Cuando era pequeña estaba obsesionada con los árboles de fruta. Me encantaban. A tal punto que mi primer criterio para determinar la riqueza de una persona no era el tamaño de su casa ni el coche de la familia: y si el número de árboles de fruta que tenía en su jardín.
Y mi vida en gran parte de resumía en husmear en los jardines del pueblo y robarles la fruta que daban sus árboles. Me pasaba horas espiando a través de los muros delas casas arquitetando una manera de entrar, treparme en el árbol y comerme lo que allí estuviera.

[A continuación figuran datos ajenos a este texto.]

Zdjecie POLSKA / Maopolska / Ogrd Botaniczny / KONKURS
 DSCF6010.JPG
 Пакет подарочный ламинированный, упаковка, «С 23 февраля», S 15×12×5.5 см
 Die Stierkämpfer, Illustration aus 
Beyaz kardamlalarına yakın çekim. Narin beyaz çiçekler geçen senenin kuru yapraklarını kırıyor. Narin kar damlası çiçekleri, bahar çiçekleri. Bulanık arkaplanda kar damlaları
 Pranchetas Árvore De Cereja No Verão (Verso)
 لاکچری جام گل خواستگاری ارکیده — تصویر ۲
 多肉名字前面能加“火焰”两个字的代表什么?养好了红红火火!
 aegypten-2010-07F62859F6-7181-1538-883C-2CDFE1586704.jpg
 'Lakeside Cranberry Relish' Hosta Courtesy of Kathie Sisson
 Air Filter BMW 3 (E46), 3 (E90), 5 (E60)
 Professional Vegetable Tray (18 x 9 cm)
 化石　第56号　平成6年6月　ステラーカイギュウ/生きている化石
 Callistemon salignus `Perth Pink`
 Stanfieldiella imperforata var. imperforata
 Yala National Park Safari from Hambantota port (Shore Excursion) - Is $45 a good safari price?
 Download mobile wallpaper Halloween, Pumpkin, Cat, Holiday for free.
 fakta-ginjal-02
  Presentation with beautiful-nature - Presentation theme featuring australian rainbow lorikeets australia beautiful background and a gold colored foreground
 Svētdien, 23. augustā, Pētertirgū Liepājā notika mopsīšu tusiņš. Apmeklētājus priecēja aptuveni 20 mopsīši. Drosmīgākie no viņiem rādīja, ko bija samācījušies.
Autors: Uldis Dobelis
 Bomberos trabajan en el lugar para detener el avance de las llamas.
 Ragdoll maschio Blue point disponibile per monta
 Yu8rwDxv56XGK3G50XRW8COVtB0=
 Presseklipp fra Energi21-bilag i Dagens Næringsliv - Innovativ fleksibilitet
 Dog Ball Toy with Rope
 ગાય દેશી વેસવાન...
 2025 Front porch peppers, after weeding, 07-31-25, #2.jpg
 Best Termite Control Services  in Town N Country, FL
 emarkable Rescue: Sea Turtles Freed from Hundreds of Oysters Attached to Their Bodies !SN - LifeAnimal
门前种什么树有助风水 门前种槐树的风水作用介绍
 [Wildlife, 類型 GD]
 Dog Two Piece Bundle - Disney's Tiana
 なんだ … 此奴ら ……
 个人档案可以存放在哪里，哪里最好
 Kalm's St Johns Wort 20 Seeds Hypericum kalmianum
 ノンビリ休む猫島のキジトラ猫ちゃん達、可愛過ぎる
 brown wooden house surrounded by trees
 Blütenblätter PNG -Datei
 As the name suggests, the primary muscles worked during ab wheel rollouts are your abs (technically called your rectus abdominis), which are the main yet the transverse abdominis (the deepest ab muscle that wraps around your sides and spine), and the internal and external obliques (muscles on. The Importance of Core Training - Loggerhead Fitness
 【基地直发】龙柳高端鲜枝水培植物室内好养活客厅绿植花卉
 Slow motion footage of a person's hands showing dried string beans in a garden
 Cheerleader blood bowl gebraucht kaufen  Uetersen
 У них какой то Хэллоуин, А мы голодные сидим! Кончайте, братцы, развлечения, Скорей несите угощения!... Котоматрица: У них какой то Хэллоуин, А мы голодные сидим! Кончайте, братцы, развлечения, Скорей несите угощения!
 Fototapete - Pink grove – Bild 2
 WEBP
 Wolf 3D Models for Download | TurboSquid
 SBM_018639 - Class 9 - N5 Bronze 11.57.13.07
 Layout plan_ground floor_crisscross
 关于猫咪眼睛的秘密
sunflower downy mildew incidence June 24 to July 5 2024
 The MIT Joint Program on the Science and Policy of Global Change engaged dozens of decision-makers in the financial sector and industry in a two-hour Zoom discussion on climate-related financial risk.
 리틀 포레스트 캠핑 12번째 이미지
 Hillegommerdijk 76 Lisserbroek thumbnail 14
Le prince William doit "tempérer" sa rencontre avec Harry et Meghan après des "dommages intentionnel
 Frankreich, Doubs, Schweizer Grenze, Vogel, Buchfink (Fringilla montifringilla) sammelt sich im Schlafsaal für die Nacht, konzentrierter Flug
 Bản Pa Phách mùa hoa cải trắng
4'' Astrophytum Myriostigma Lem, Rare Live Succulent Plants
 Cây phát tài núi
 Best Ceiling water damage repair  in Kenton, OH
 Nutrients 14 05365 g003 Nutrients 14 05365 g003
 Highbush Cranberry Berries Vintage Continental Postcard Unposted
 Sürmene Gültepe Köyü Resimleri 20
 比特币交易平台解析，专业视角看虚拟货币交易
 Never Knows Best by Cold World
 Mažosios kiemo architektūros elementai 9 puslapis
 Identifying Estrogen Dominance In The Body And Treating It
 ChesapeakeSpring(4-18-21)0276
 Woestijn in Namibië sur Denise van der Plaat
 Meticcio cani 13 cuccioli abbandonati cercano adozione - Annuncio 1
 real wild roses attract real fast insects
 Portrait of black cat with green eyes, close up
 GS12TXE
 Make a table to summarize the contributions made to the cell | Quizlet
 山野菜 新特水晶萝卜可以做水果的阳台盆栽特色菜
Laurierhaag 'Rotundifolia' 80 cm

Siempre he pensado que mi obsesión en robar fruta no tenía que ver con tendencias delictivas sino con que en nuestro jardín no teníamos a ningun árbol. También era porque me sentía muy libre cuando alcanzaba la cima del árbol o de cualquier azotea o tejado. Me pasaba la vida subiendome a todo: casas, iglesias (todo un desafío), tiendas. Prática poco aconsejable la de trepar cuando tienes 10 años. Pero cuando eres niño, la muerte es un concepto tan lejano que yo jamás pensé que lo que hacía tenía tintes suicidas.
Uno de los días más felices fue cuando encontramos 500 piñas metidas dentro de un garaje. Olía fenomenal y pasamos horas estudiando una manera de meternos dentro. Cuando finalmente conseguimos era como si hubiera encontrado un tesoro: muchísima fruta y todas al alcance de la mano. Aquella noche comí las piñas más dulces de mi vida y me resulta casi imposible describir la sensación de felicidad que tenía por mi gran hallazgo.
Hoy mi pueblo ya no es tranquilo como entonces. Los niños ya no entran en las casas sólo para robar fruta. La gente ya no construye muros para proteger sus árboles. Hay pinchos y perros malos para separar y defender propiedades.
Las piñas en Lorena ya no son tan dulces como en otros tiempos.
Estos tiempos que ya no vuelven y que yo tanto echo de menos.